Blu-ray Review: Gosford Park | Under the Radar Magazine Under the Radar | Music Blog for the Indie Music Magazine
Thursday, April 25th, 2024  

Gosford Park

Studio: Arrow Academy

Dec 10, 2018 Web Exclusive Bookmark and Share


In a dreary autumn afternoon in 1932, a gaggle of wealthy British patricians converge on the country manor of Gosford Park. Among them are lords and ladies, a countess and a knight, and an American film producer accompanied by a well-known movie star. Of course, nearly all of the above are accompanied by servants, who are squeezed in below stairs with the rest of the house’s staff and tasked with making sure their employers’ leisurely weekend – planned around a day of pheasant hunting – goes off without a hitch. However, the widely despised host of the festivities is found dead (murdered, of course) in his study, and police are left with no choice but to not allow anyone to leave the estate until the investigation is through. Everyone, as you would suspect, is a suspect.

Released in 2001, Gosford Park was director Robert Altman’s stab at the traditional manor house murder mystery as seen in hundreds of Agatha Christie adaptations over the decades. Equal parts homage and part parody, where Altman successfully bucks tradition is by showing the audience the mystery through the eyes of the servants, only taking us upstairs (where the murder has occurred) when one of the many housekeepers or valets have reason to be there. Where most other manor murders would have trained in on the aristocrats as they flung accusations at one another in various parlors and billiards rooms, Gosford Park only makes viewers privy to the upper class’s squabbles when a servant is nearby to hear it. Elsewhere, relevant backstory is regularly revealed in the form of gossip among the downstairs workers. It’s a subtle method of framing the really works well, breathing life back into a mystery genre that had become synonymous with stodginess.

It’s conceivable, too, that Gosford Park should play even better to American audiences now than it did on release, and that’s thanks to the stateside popularity of Downton Abbey. The runaway PBS hit has effectively trained its fans in the mechanics and hierarchy of a pre-War English manor house. Where viewers may originally have had a hard time keeping track of who worked for whom and under whom, anyone who’s seen the TV series will be better equipped to follow the workings both above and under stairs. Gosford Park was, of course, written by Downton creator Julian Fellowes, who had actually conceived of the series as a spin-off of the film. (Maggie Smith plays a salty dowager in both.) It goes without say that any Downton fan owes Gosford Park a revisit.

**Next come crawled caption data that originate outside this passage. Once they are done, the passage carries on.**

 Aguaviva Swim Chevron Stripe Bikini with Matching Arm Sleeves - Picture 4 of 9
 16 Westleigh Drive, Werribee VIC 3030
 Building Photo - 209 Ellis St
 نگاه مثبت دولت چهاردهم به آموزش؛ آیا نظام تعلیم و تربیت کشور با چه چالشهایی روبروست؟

This finally brings us to the film’s absurdly stacked ensemble. Displaying many of big name actors taking on small roles for a chance to work with a great director like Altman, Gosford Park stars the aforementioned Smith, Michael Gambon, Kristin Scott Thomas, Kelly Macdonald, Clive Owen, Hellen Mirren, Charles Dance, Alan Bates, Stephen Fry, Emily Watson, Jeremy Northam, Richard E. Grant, and Ryan Phillippe. Altman pulls top performances from all of them, even those with surprisingly little screen time. (It’s strange to see Mirren, in particular, play a character mostly confined to the fringes of the screen.) Have we mentioned how funny all of it is?

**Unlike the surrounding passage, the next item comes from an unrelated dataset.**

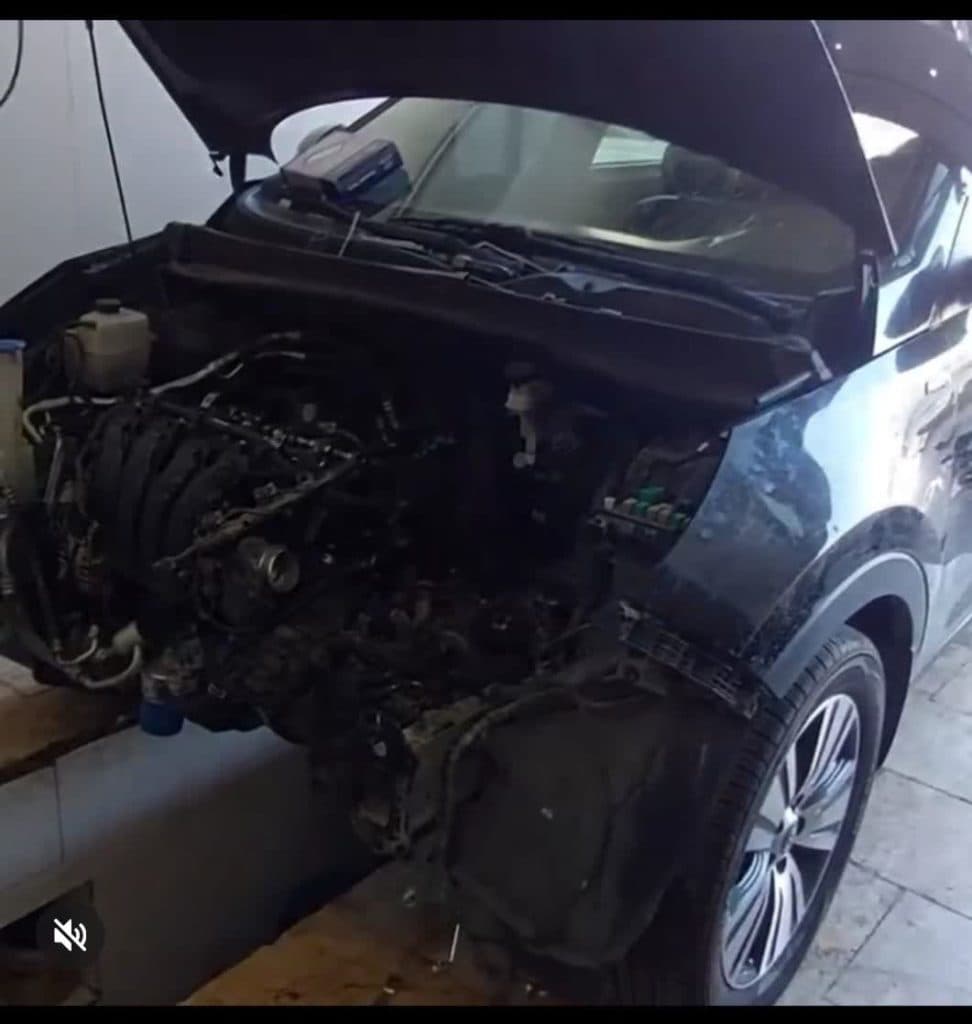 مکانیکی ماشین خارجی و متخصص خودروهای وارداتی و چینی وحید در قم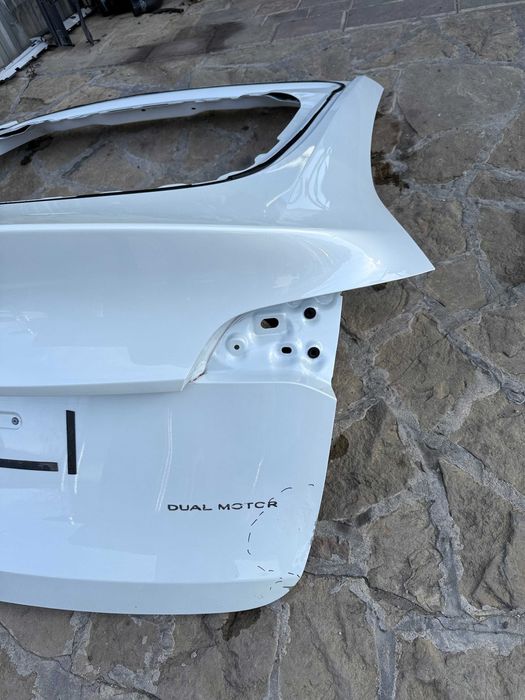 Кришка багажника Tesla Model Y 20-24 ляда кляпа Тесла вайка 2020-2024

Arrow brings the movie to Blu-ray in a new 4K restoration and 5.1 audio with optional subtitles. (Although the movie’s in English, these may be helpful – Altman encouraged the actors to talk over one another, as guests would at an actual dinner party, so it’s easy to miss some lines.) Thankfully they’ve ported over features from the old DVD edition which Altman contributed to before his death, including a full-length commentary (and one over the deleted scenes) by the director and a vintage Making Of featurette. New to this edition are a commentary by Altman scholars David Thompson and Geoff Andrew, interviews, and a well-illustrated booklet that includes original production notes, an essay, and a text interview with Altman. In all, it’s another wonderful package from the Arrow Academy line, more than worth a pickup for fans of Altman or even Downton Abbey.